QOTD: No Funding Crisis for Euro Banks

One of the more insidious aspects to the current Euro crisis (and there are so many) has been the ease with which rumors can be reported or repeated as fact.  This is typical panic-mode behavior and the only weapon to combat it with is data and fact.

Last night I posted an admirable TV appearance by the CEO of SocGen who opened up about his true exposure in the face of innuendo that his bank was about to fail.  And now we get some reality on the money markets situation that I brought to light yesterday from the International Finance Review.  Here’s HSBC’s Elie El Hayek on the stress in that market:

“Clearly there are some issues on dollar funding for certain banks, but we do not see this getting out of control like in 2008. Central banks have tools to ease conditions if it starts to get tricky,” said Elie El Hayek, global head of rates at HSBC. “The ECB offers dollar at 100bp above fed funds at the moment, and they can lower that level if need be.
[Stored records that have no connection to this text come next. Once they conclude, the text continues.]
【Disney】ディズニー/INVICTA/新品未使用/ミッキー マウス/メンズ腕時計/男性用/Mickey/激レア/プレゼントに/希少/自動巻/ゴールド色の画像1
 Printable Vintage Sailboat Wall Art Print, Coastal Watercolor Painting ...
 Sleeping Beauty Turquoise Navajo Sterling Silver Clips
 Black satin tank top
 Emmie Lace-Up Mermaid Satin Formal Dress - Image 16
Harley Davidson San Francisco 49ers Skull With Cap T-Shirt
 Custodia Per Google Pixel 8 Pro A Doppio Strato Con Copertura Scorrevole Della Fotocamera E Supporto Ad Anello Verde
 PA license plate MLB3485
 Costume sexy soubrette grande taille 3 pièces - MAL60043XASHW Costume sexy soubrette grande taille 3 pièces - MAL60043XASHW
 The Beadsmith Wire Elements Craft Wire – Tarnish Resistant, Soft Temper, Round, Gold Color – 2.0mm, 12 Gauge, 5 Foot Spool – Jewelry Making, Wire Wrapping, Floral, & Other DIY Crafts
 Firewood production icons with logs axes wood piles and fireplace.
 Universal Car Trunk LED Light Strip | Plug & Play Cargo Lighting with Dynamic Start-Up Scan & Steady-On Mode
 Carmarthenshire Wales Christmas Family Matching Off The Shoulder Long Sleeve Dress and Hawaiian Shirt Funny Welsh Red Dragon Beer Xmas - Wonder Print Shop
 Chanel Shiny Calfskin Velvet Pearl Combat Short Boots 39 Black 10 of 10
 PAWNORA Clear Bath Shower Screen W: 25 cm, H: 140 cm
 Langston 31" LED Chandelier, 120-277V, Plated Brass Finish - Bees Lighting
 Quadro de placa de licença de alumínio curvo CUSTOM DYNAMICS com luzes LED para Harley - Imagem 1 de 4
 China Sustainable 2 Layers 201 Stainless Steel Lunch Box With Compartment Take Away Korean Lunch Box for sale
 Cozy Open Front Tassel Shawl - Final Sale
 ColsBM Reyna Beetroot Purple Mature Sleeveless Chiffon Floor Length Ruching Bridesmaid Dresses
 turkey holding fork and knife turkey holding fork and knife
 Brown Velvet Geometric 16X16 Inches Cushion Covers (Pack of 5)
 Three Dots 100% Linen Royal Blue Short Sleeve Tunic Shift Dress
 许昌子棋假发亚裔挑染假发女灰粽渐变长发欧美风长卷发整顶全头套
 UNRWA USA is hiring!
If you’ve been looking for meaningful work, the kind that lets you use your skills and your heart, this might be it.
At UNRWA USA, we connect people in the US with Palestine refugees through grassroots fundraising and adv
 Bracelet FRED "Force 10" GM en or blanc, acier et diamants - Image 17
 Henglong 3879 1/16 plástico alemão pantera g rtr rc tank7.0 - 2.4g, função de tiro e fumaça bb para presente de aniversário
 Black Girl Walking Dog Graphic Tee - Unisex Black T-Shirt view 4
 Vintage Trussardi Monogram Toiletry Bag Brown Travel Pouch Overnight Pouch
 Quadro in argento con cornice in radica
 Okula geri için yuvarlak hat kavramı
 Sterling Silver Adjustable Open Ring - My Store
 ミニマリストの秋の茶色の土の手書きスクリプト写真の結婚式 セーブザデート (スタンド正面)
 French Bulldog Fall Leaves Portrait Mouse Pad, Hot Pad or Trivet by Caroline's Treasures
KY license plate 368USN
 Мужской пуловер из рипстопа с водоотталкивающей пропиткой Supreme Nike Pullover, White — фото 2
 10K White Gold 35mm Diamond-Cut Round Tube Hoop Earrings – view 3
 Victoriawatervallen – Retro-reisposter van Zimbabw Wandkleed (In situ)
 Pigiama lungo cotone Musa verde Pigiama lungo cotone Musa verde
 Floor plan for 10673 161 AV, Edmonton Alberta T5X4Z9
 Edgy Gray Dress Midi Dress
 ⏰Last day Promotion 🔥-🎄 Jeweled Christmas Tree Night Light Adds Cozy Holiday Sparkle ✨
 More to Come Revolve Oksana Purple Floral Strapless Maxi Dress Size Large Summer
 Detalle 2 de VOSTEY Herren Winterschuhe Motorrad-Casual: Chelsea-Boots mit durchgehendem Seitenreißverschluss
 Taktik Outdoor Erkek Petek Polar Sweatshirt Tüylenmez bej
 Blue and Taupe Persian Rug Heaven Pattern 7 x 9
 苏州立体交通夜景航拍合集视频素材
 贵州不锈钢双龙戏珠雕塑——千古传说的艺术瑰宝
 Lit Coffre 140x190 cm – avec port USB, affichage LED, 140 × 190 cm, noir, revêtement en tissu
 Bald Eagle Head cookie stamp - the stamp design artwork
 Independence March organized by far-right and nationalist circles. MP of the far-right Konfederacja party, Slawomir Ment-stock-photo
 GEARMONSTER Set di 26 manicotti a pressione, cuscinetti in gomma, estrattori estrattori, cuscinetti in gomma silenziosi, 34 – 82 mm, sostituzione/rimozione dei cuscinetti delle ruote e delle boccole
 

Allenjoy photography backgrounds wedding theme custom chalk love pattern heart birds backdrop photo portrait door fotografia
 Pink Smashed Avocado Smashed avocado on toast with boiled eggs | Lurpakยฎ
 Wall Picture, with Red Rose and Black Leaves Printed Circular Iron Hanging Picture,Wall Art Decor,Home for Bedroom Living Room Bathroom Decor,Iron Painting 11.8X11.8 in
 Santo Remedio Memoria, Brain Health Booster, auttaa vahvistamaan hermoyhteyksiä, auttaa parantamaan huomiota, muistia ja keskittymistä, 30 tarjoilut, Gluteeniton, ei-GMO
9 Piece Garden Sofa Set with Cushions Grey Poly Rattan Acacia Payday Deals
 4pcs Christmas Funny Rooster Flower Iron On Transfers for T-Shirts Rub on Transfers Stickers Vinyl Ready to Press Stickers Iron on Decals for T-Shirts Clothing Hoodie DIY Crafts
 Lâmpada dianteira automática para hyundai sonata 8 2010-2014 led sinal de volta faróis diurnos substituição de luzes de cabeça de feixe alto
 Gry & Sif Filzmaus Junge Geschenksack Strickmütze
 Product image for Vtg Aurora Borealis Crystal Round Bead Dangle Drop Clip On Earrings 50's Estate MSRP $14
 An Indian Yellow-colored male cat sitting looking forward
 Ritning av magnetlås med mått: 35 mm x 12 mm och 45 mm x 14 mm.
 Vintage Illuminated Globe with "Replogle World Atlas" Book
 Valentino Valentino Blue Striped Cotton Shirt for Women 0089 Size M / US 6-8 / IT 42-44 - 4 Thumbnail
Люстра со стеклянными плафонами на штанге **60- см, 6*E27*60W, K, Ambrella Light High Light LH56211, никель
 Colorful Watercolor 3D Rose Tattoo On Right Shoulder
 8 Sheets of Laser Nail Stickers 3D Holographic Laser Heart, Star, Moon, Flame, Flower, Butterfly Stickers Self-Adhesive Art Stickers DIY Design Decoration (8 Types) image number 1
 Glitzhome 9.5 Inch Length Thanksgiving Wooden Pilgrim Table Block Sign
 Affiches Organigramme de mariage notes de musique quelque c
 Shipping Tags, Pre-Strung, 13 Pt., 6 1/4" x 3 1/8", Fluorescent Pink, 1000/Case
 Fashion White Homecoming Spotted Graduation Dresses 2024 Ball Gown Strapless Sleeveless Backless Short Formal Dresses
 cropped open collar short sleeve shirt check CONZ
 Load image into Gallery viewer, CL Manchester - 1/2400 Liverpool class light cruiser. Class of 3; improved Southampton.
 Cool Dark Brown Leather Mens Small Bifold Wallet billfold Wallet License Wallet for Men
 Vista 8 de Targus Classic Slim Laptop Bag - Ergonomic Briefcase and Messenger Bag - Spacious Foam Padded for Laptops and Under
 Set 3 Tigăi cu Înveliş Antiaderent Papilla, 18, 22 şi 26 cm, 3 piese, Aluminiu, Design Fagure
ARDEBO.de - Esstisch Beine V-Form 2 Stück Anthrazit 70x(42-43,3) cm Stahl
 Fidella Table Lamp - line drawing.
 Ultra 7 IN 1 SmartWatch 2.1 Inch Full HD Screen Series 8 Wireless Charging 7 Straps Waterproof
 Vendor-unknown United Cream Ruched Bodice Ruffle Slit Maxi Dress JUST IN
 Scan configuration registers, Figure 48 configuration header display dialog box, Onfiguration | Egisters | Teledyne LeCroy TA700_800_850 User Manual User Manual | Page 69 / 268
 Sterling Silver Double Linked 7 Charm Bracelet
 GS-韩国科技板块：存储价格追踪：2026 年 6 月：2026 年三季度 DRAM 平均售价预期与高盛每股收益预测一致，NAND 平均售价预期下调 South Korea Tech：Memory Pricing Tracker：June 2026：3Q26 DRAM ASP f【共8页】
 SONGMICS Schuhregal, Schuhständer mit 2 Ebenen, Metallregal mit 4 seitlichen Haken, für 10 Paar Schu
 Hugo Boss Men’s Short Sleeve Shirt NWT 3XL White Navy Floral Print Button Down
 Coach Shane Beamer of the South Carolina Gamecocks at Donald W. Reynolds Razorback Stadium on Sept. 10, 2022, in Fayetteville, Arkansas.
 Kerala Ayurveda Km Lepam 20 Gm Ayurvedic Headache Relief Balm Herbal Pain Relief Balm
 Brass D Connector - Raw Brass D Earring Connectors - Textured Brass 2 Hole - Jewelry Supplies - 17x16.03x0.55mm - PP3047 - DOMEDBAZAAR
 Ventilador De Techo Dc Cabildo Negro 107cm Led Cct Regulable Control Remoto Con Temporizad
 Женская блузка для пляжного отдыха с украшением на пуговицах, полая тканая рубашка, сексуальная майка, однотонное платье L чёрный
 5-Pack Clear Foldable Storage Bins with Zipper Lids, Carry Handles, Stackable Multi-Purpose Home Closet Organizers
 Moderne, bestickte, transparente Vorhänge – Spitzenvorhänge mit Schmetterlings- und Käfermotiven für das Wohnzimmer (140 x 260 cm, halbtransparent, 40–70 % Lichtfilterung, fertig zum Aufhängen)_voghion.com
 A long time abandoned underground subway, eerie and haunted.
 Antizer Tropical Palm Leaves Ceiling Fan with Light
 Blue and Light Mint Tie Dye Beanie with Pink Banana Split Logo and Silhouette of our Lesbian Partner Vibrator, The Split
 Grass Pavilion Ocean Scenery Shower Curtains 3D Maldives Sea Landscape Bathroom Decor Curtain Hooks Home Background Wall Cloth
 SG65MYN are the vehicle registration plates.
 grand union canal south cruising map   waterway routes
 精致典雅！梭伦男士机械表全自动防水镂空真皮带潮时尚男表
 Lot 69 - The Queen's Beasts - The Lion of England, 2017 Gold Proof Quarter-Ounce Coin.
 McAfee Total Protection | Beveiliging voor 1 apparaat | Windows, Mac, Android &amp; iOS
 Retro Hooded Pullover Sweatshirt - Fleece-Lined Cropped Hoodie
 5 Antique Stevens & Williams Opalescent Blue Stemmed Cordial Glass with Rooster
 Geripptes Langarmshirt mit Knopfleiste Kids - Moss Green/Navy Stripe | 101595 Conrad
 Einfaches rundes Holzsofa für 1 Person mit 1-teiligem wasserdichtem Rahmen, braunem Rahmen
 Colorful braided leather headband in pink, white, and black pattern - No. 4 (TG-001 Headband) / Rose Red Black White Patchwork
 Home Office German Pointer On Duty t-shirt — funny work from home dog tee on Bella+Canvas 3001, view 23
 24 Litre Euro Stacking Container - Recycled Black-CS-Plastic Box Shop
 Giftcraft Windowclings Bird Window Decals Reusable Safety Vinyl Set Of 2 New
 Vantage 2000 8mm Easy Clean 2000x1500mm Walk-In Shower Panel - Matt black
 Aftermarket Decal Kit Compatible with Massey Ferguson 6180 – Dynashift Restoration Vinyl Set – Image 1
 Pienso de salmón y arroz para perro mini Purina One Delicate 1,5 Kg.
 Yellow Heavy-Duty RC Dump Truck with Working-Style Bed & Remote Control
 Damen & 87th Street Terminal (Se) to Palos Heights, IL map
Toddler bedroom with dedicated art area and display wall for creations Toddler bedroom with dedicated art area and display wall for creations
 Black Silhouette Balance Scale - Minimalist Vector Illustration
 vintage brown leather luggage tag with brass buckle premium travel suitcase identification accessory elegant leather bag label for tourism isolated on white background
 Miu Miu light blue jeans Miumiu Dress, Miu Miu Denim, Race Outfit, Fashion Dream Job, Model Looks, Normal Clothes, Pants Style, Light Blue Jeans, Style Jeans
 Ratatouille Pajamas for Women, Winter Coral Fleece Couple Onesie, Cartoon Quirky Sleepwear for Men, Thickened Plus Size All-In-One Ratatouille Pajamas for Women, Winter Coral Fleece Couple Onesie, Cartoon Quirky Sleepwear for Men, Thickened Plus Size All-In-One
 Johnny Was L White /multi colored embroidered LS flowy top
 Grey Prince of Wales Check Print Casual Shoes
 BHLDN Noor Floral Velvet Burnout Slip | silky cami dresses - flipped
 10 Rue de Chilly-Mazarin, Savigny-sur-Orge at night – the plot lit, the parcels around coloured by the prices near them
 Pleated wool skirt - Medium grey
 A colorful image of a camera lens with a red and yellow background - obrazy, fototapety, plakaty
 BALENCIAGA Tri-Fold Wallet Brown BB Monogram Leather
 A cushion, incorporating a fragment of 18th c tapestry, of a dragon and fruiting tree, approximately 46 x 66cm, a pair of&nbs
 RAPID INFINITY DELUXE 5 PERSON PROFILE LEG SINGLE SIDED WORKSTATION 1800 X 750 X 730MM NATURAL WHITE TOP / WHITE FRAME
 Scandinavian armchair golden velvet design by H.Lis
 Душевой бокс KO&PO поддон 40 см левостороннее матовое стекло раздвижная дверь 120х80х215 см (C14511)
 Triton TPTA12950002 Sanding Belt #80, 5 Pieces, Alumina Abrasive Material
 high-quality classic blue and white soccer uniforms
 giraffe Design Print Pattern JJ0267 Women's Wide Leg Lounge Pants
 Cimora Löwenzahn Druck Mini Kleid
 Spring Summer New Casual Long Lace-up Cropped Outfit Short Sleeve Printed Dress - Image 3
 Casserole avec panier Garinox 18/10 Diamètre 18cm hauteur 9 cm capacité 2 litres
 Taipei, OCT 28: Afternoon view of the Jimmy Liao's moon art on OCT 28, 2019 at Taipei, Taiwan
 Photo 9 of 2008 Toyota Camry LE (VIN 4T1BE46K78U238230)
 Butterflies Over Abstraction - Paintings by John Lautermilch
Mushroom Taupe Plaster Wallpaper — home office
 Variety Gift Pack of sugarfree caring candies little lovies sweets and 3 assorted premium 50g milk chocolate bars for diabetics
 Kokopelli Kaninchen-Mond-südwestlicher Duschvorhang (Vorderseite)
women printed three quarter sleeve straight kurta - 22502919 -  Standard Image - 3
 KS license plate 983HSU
You can pledge any collateral to get those dollars, so banks can theoretically access practically unlimited funding in dollars.”

So yes, there is clearly some stress there, but we are certainly not talking about a “freeze-out” or “non-existent” funding or anything like that.  Hopefully this can be avoided and we can contain the pain to the equity side. The key here for Europe will be to maintain liquidity, should they lose control of that we’ll be into a new phase that is best discussed by Chief Global Strategist types.